**Exercise requirements**
Please restate every entry exactly. Leave out the pictures.

The data below:

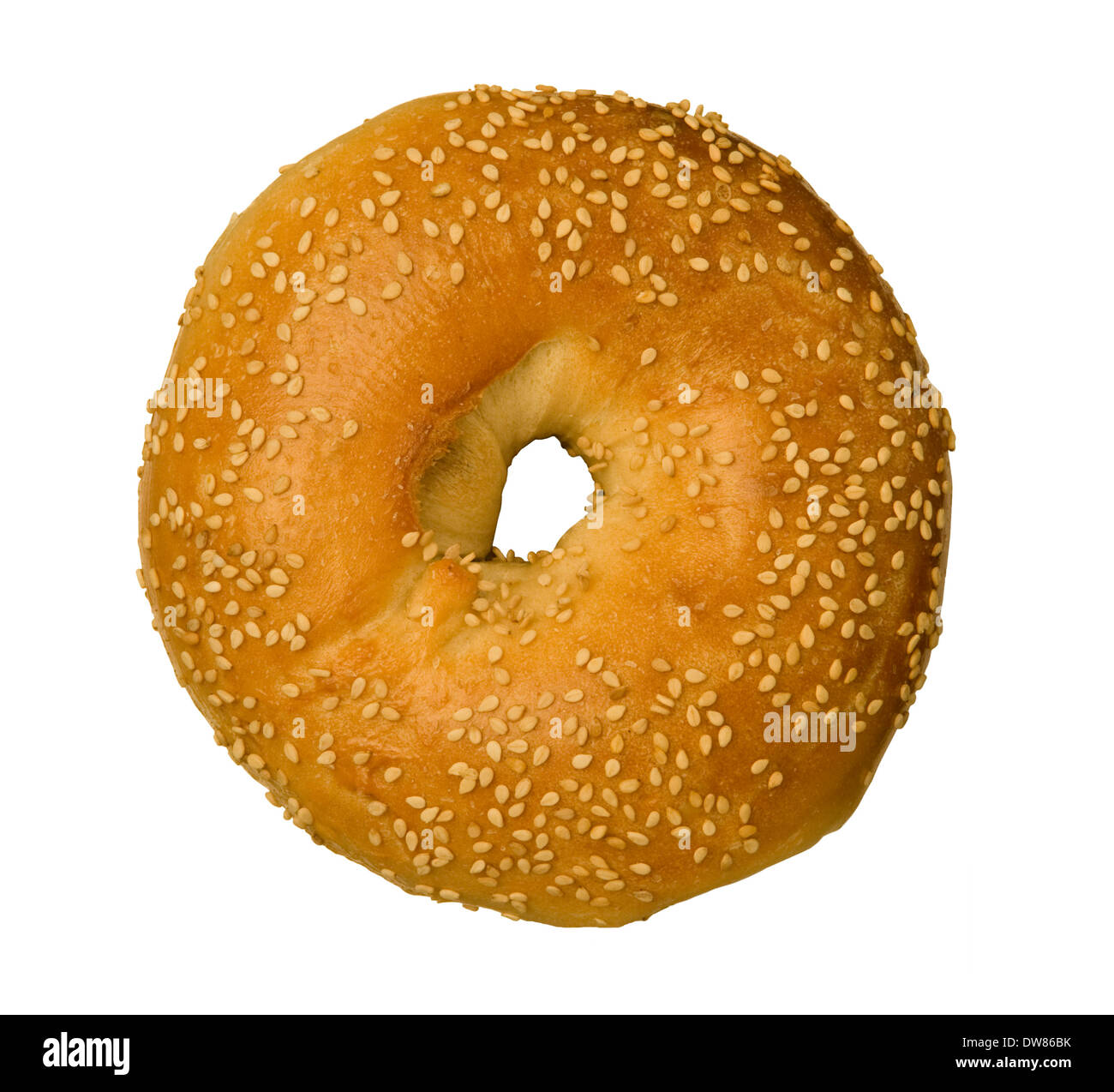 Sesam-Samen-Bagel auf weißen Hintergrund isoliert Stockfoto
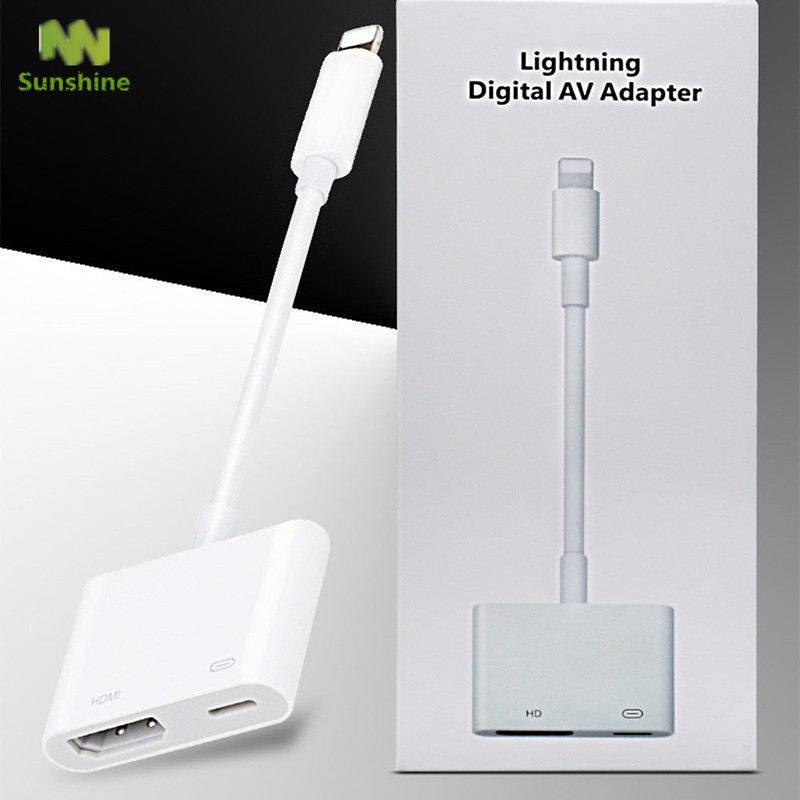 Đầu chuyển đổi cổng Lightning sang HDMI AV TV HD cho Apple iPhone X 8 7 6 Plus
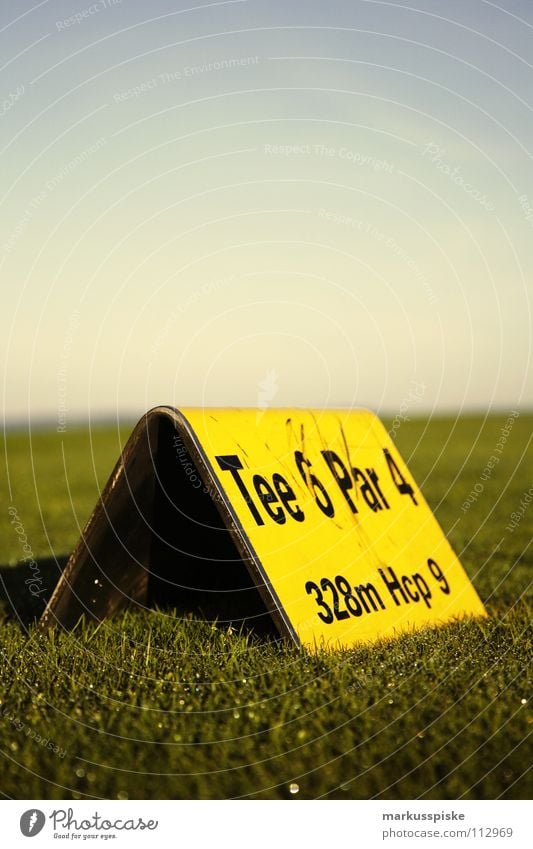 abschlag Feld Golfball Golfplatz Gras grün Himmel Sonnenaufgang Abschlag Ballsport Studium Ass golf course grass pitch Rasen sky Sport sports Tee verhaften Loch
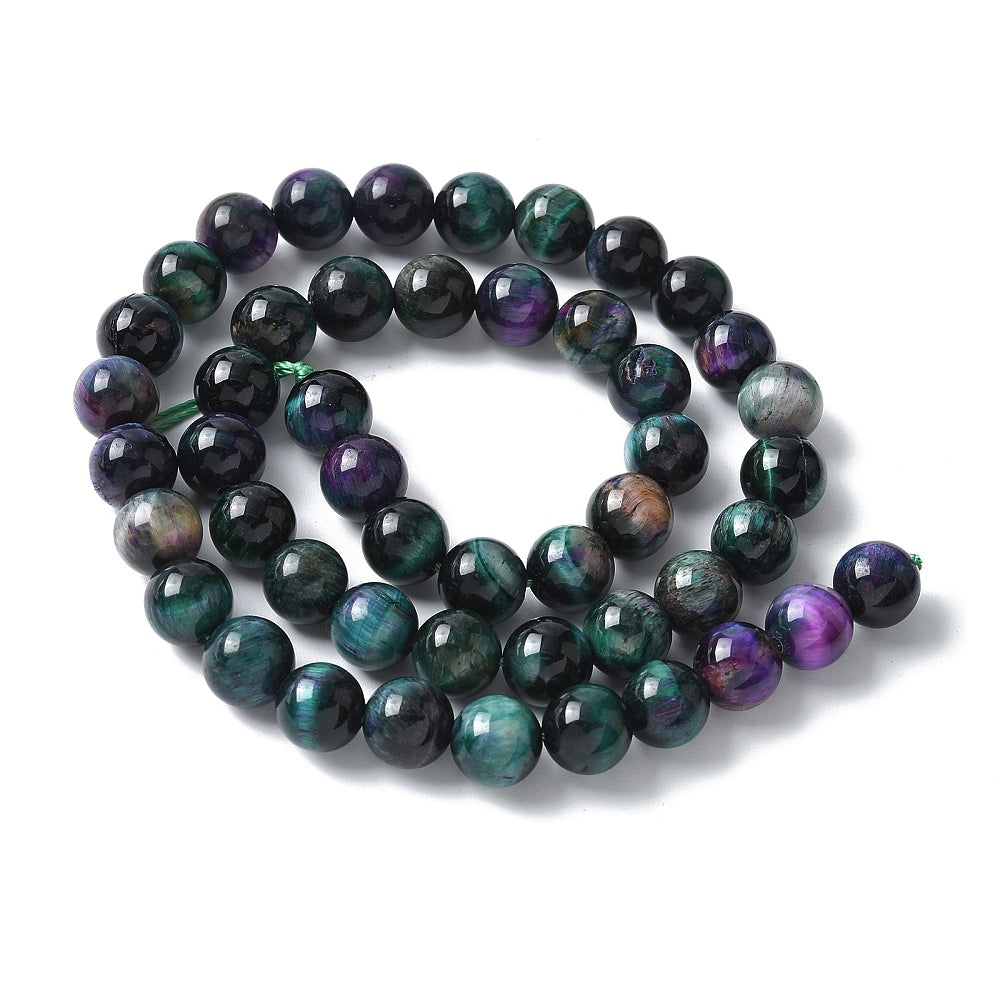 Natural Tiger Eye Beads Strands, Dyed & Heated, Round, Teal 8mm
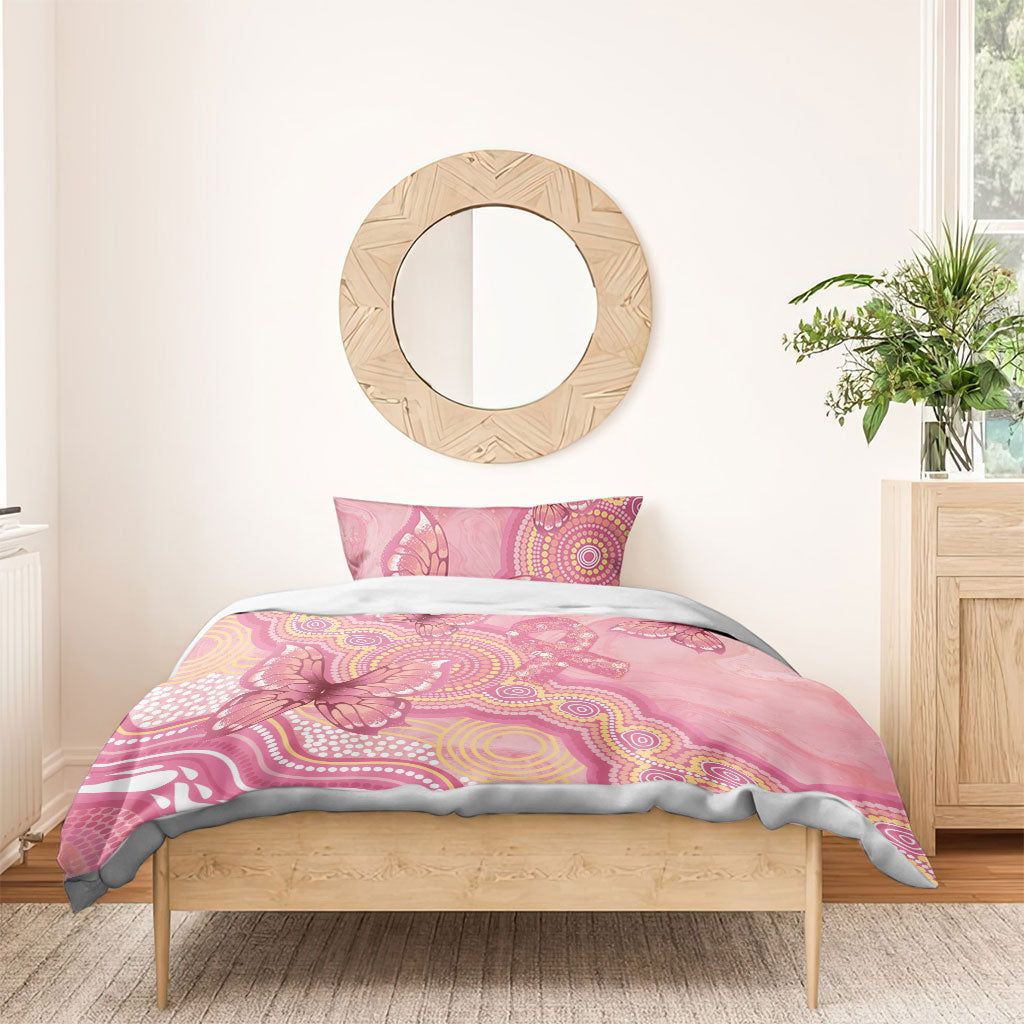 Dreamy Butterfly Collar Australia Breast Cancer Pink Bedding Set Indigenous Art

End of The data.

**Answer box**
 Sesam-Samen-Bagel auf weißen Hintergrund isoliert Stockfoto
 Đầu chuyển đổi cổng Lightning sang HDMI AV TV HD cho Apple iPhone X 8 7 6 Plus
 abschlag Feld Golfball Golfplatz Gras grün Himmel Sonnenaufgang Abschlag Ballsport Studium Ass golf course grass pitch Rasen sky Sport sports Tee verhaften Loch
 Natural Tiger Eye Beads Strands, Dyed & Heated, Round, Teal 8mm
 Dreamy Butterfly Collar Australia Breast Cancer Pink Bedding Set Indigenous Art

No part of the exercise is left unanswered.